TASK GOAL: Exactly as they appear, output all of the records. Skip any images.

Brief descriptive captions
+ + + +

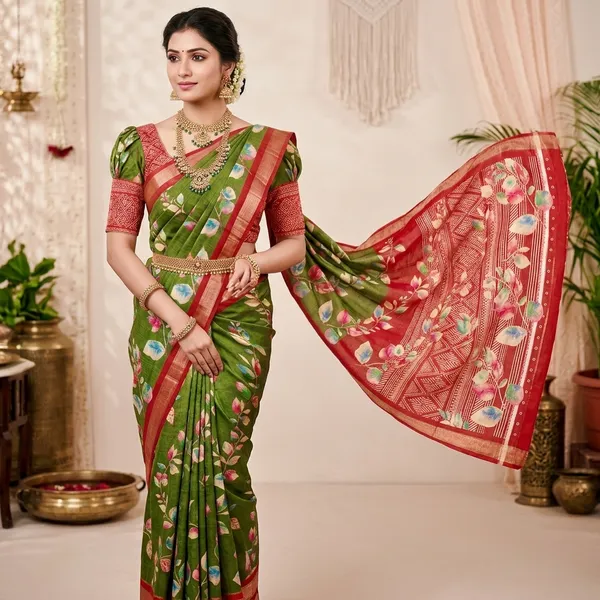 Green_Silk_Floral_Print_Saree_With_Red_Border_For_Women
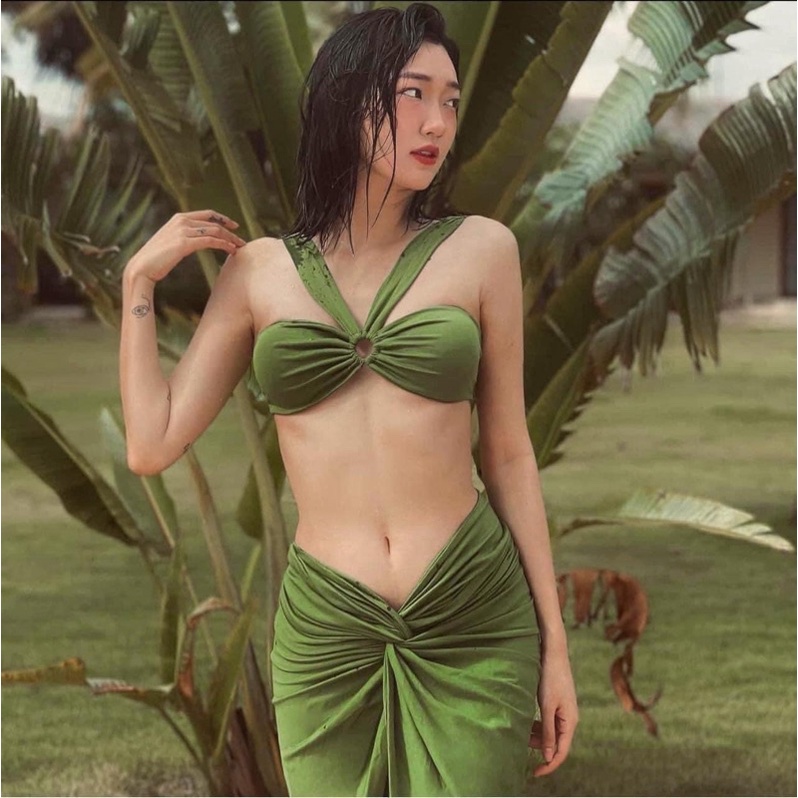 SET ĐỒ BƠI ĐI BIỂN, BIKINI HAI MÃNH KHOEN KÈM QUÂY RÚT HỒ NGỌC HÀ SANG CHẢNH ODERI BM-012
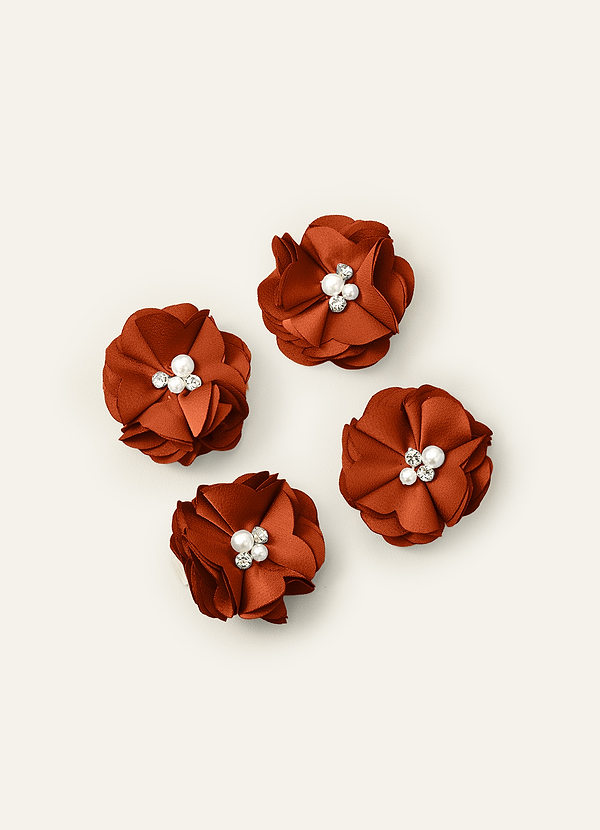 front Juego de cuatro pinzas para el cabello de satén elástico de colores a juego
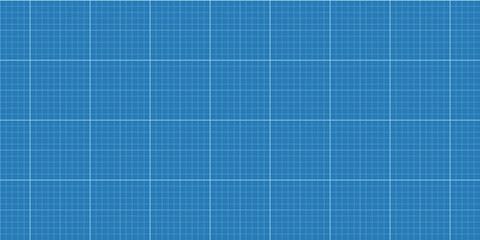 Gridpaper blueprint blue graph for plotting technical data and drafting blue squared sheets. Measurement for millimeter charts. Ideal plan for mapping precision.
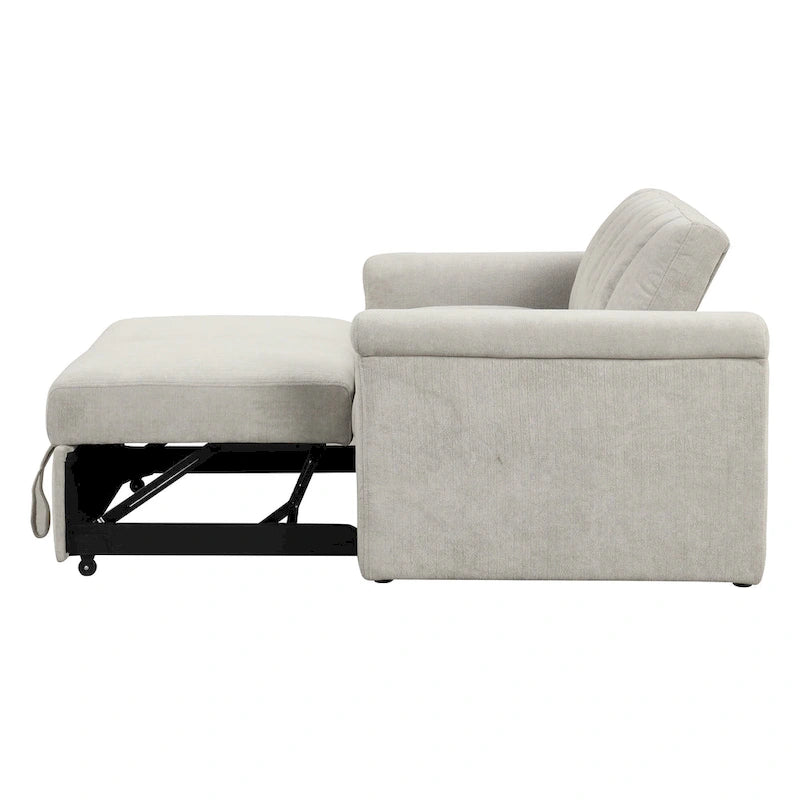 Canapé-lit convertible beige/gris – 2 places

+ + + +

RESULT BELOW:
 Green_Silk_Floral_Print_Saree_With_Red_Border_For_Women
 SET ĐỒ BƠI ĐI BIỂN, BIKINI HAI MÃNH KHOEN KÈM QUÂY RÚT HỒ NGỌC HÀ SANG CHẢNH ODERI BM-012
 front Juego de cuatro pinzas para el cabello de satén elástico de colores a juego
 Gridpaper blueprint blue graph for plotting technical data and drafting blue squared sheets. Measurement for millimeter charts. Ideal plan for mapping precision.
 Canapé-lit convertible beige/gris – 2 places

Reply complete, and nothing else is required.